Collected data
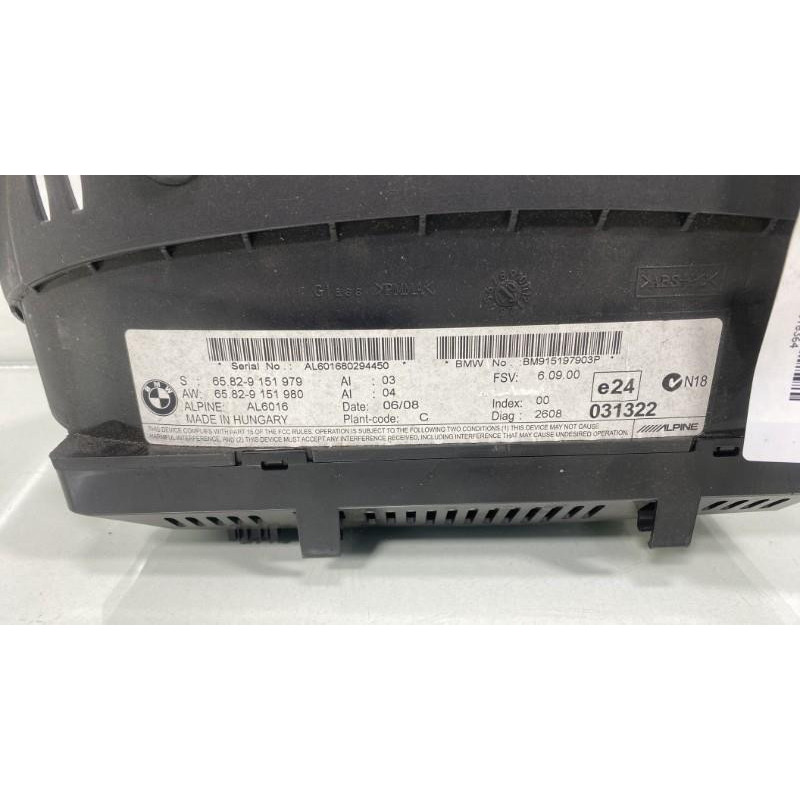 Ecran GPS BMW SERIE 5 E61 Photo n°3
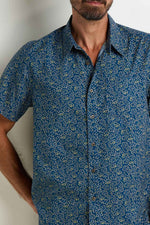 Toad & Co. Fletch Shirt XL Canal Print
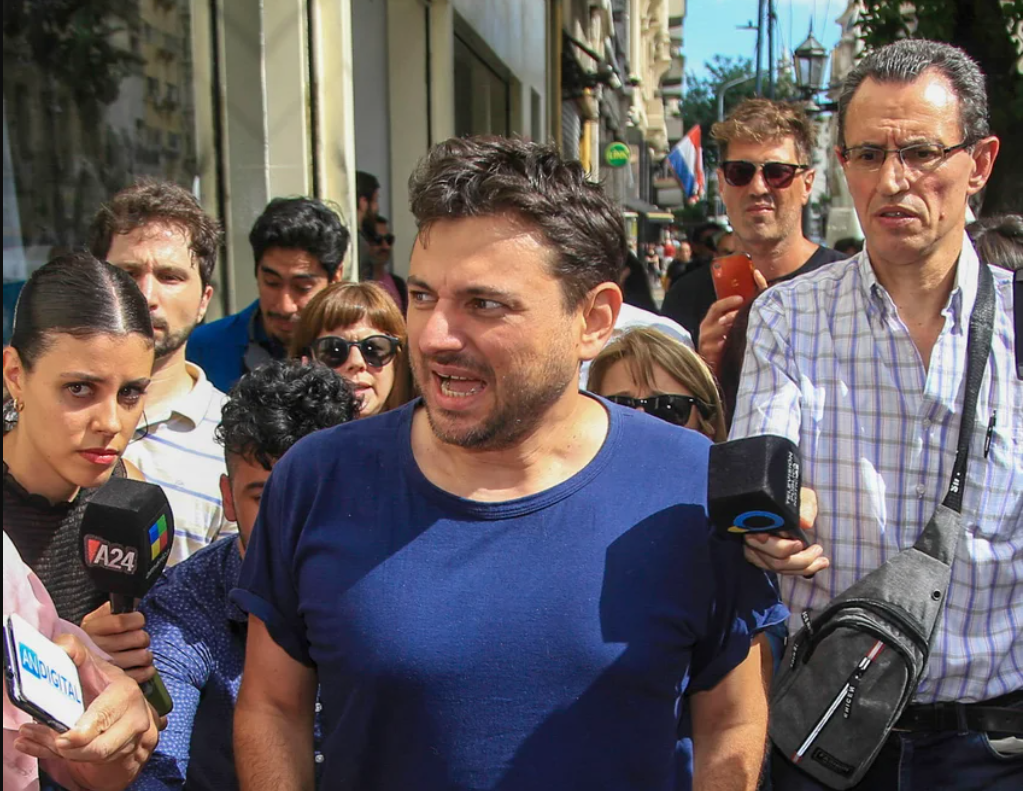 Fuerte cruce entre Jorge Macri y Juan Grabois por el desalojo de cartoneros en Parque&nbsp;Avellaneda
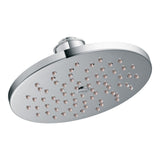 Moen S6360 8 SingleFunction Rainshower Showerhead with Immersion Technology at 2.5 GPM Flow Rate, Chrome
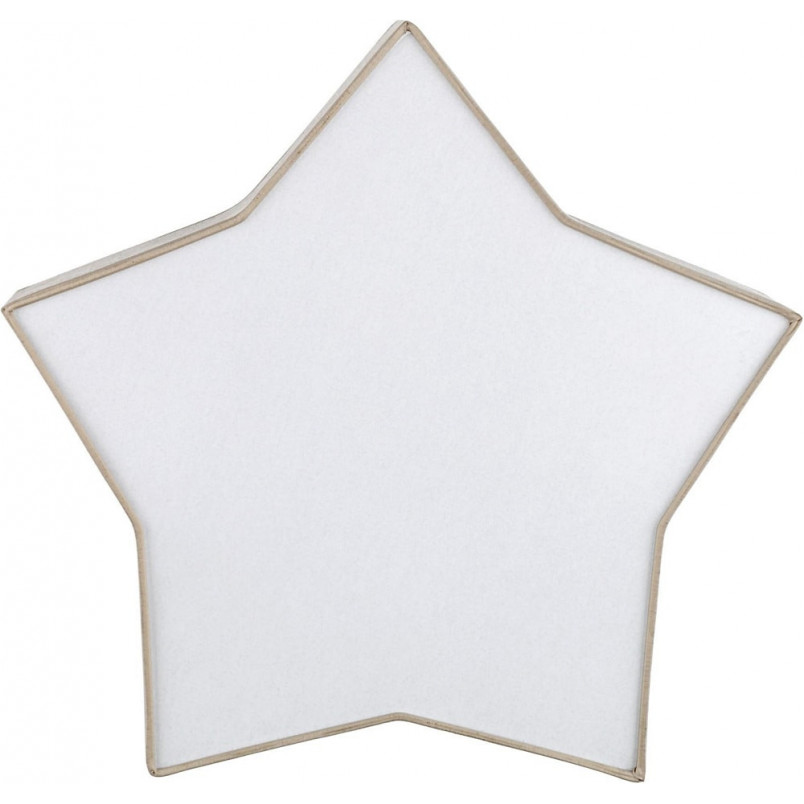 Plafon dziecięcy gwiazda Star beżowy | TK Lighting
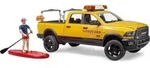 Bruder 02506 RAM 2500 Power Wagon LifeGuard mit Figur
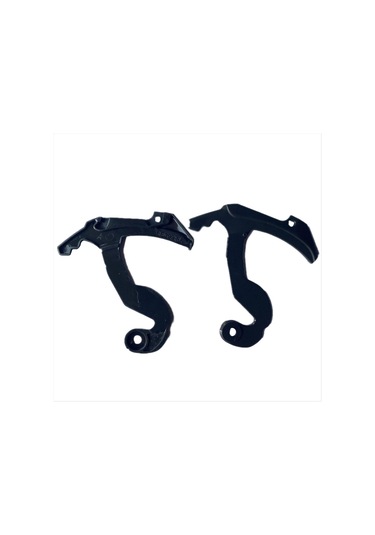 Junzhuodianpu Ls2 Ff399 Lens Tabanı Kalıbı Ff396 Kasklarına Uygun 2 Adet Motosiklet Kaskı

- **Task description**
Your answer should consist of the lines above between those holding "Toad & Co. Fletch Shirt XL Canal Print" and "Moen S6360 8", inclusive, reproduced word for word and without pictures.

- **Exercise output**
 Toad & Co. Fletch Shirt XL Canal Print
 Fuerte cruce entre Jorge Macri y Juan Grabois por el desalojo de cartoneros en Parque&nbsp;Avellaneda
 Moen S6360 8 SingleFunction Rainshower Showerhead with Immersion Technology at 2.5 GPM Flow Rate, Chrome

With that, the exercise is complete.